W.J.P.Newnham has hitchhiked around Australia working as barman, bum and waiter; slaughter hand, deckhand and master spending 25 years working in the Northern Prawn Fishery. He has travelled extensively in south-east Asia, the Americas and Japan and speaks market-place Indonesian with some fluency.

 2 of W.J.P.Newnham’s early stories were published in the inaugural edition of the seminal Melbourne literary magazine ‘Nocturnal Submissions’ in the early nineties, a recent story accepted by ‘Overland’ for publication, and 2 pieces accepted for Web-Lication[1] on ‘horrorsleazetrash’

He lives in Brisbane with his partner and 2 blue-heelers.

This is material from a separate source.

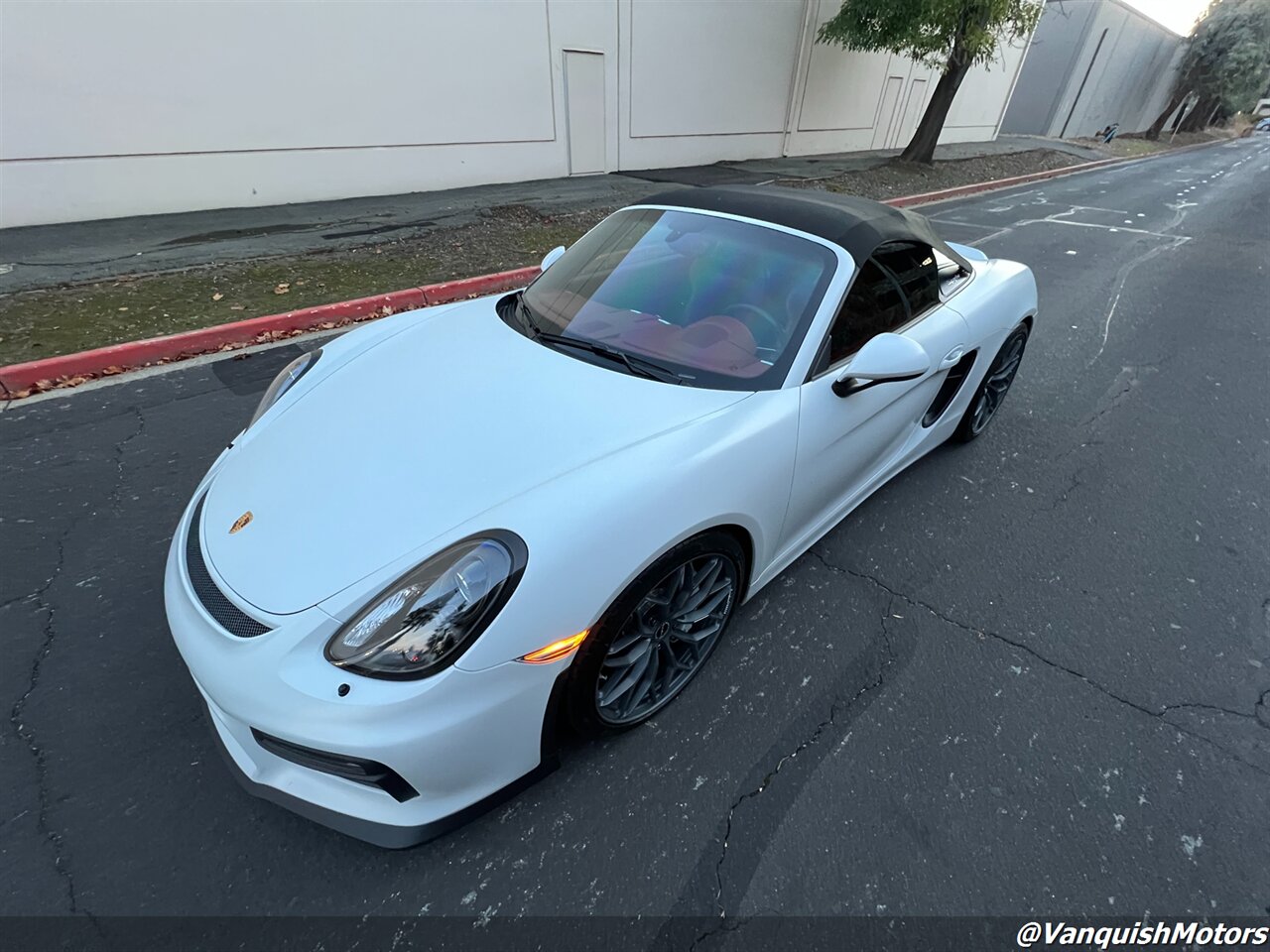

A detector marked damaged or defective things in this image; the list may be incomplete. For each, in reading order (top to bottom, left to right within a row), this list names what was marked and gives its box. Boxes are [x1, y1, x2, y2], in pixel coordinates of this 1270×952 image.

crack in asphalt [6, 404, 146, 918]
crack in asphalt [700, 594, 899, 934]
crack in asphalt [802, 547, 1270, 776]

‘These stories speak to character and choice. Obligation and duty are given and choices made according to need and want are not always wisest as accounts add up and balances are inevitably reached: the universe holds no mystery it just is as it is and ever shall be.’

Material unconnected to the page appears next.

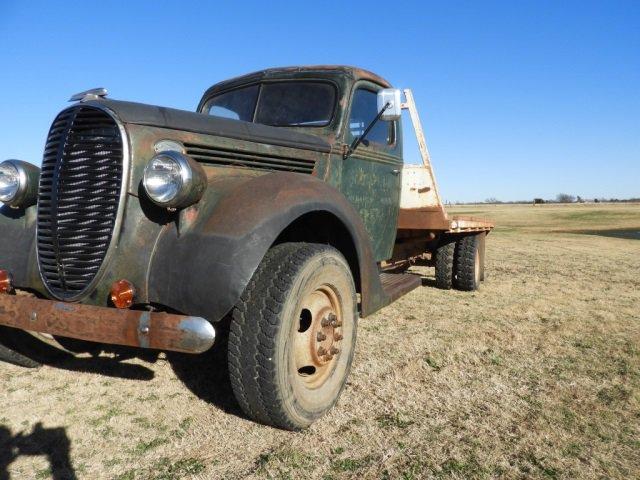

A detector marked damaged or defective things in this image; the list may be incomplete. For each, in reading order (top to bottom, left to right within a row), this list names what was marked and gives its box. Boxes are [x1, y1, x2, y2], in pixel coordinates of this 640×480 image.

rusty chrome bumper [0, 294, 216, 354]
rusted wheel hub [296, 284, 344, 386]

wjpnewnham@optusnet.com.au

”THE NICE LADY”<” height=”59″ width=”425″>

By

 

W<J>P. Newnham.

 

“Desperate
All night crying
Pillow’s soaking wet
I’m going cold on the wall
I gotta get back home!”

 

 

Article I.       Dang

 

I just wanted to dance; honest!

From the moment the ‘Jon Spencer Blues Explosion’[1] got on stage and Mr. Spencer plugged in his guitar and with reckless downward chops went:

 

BWAAAAAAAH

BWARRRPPPPPP!

 

He said:

 

“I JUST WANNA’ FUCKEN’ DANCE!!

THE FUCKEN BLUES ARE NUMBAH 1 MUTHA-FUCKA!!!

THE BLUES ARE NUMBAH 1!!!!”

 

I just wanted to dance!

Article II.     Sweat

 

I pushed my way forward through the dancing crowd; right in front of the stage, close, within range of touch. Close enough that when Mr. Spencer swung and thrashed his sweaty forelock his sweat anointed my brow in splashes:

 

I am, with the others frenetically dancing, communicant.

 

She dances beside me, unconcerned with the heaving hurly-burly of the Mosh-Pit, her eyes closed and face turned up to the radiance of performance as if momentarily blinded.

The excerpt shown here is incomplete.